Decedent’s Gross Estate. Under section 2033, a decedent’s gross estate includes the value of all property beneficially owned by the decedent at the time of death. See Treas. Reg. § 20.2033-1(a). Under 26 U.S.C. § 2044, generally, the amount included in the gross estate is “[t]he value of the entire interest in which the decedent had a qualifying income interest for life, determined as of the date of the decedent’s death.” See Treas. Reg. § 20.2044-1(d)(1). Generally, the value of property that is included in the gross estate is its fair market value at the time of the decedent’s death. See § 2031(a); Treas. Reg. § 20.2031-1(b). “[F]air market value is defined as the price that a willing buyer would pay a willing seller, both persons having reasonable knowledge of all the relevant facts and neither person being under a compulsion to buy or sell”. See United States v. Cartwright, 411 U.S. 546, 551 (1973); Treas. Reg. § 20.2031-1(b).

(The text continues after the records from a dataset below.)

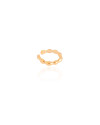 Piercing Gomos Lisos Banhado a Ouro 18K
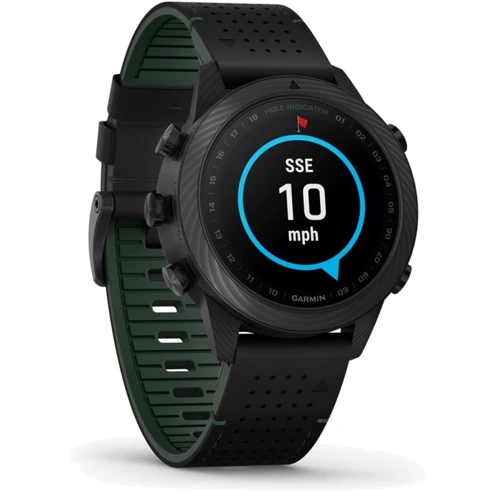 Смарт-часы Garmin MARQ Golfer (Gen 2) Carbon Edition Modern Tool Watch (010-02722-21): Материал корпуса Титан / Карбон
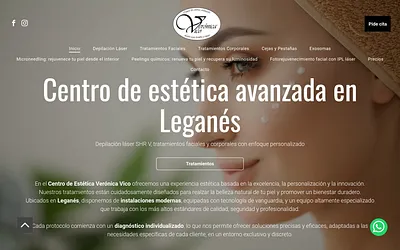 esteticaveronicavico.es snapshot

Deductions, Generally. Under 26 U.S.C. § 2053(a) a deduction for certain amounts including administration expenses and claims against the estate is allowed by the laws of the jurisdiction under which the estate is administered. Under 26 U.S.C. §2053(b) a deduction for expenses incurred in administering non-probate property is allowed if it is deductible under section 2053(a). These expenses must be “[a]ctually and necessarily, incurred in the administration of the decedent’s estate; that is, in the collection of assets, payment of debts, and distribution of property to the persons entitled to it.” See Treas. Reg. § 20.2053-3(a). “[T]he only expenses in administering property not subject to claims which are allowed as deductions are those occasioned by the decedent’s death and incurred in settling the decedent’s interest in the property or vesting good title to the property in the beneficiaries.” See Treas. Reg. § 20.2053-8(b).
QTIP Trusts. The value of QTIP trust property (property in which the decedent had a qualified income interest for life and for which a marital deduction was allowed to the estate of a predeceased spouse under section 2056(b)(7)), generally is included in the gross estate. See 26 U.S.C. § 2044(a). “[T]he QTIP regime employs a fiction that treats QTIP as passing entirely from the first spouse to die to the surviving spouse.” See Estate of Morgens v. Commissioner, 133 T.C. 402, 412 (2009), aff’d, 678 F.3d 769 (9th Cir. 2012). Generally, under the QTIP regime a transfer of QTIP is allowed to qualify for a marital deduction for the first spouse to die and escape to the inclusion in that spouse’s estate, notwithstanding a life interest passes to the surviving spouse. “[A]t the death of the second spouse, QTIP property is taxed as part of the surviving spouse’s estate.” See Estate of Mellinger v. Commissioner, 112 T.C. 26, 32 (1999); see also Estate of Morgens, 133 T.C. at 412.
Insights: This case involves the disallowance of the reduction of the value of the Trust assets included in the value of the gross estate by the income under a settlement. The inclusion of such income did not trigger a double taxation on the gross estate or estate tax on charitable bequest under Section 2044. Moreover, the disallowance of settlement payments other than commissions as the other items were not made by the estate. It is recommended to make a tax analysis before reducing any amounts on the taxable estate or to take any deductions to avoid any tax contingency.